In the records below, the relevant part opens with the line containing "thumbnail image 2" and closes with the line containing "WRX vs Forced"; print that part exactly and only, without its pictures.

__Given records__.
============
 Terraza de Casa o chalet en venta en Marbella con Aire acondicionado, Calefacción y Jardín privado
============
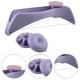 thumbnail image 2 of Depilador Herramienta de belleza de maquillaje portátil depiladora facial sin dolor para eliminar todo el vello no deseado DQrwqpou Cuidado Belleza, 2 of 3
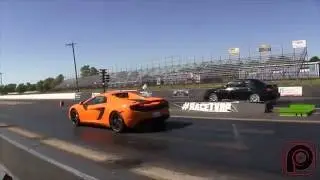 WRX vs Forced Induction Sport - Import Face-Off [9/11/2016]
============
__Reply__.
 thumbnail image 2 of Depilador Herramienta de belleza de maquillaje portátil depiladora facial sin dolor para eliminar todo el vello no deseado DQrwqpou Cuidado Belleza, 2 of 3
 WRX vs Forced Induction Sport - Import Face-Off [9/11/2016]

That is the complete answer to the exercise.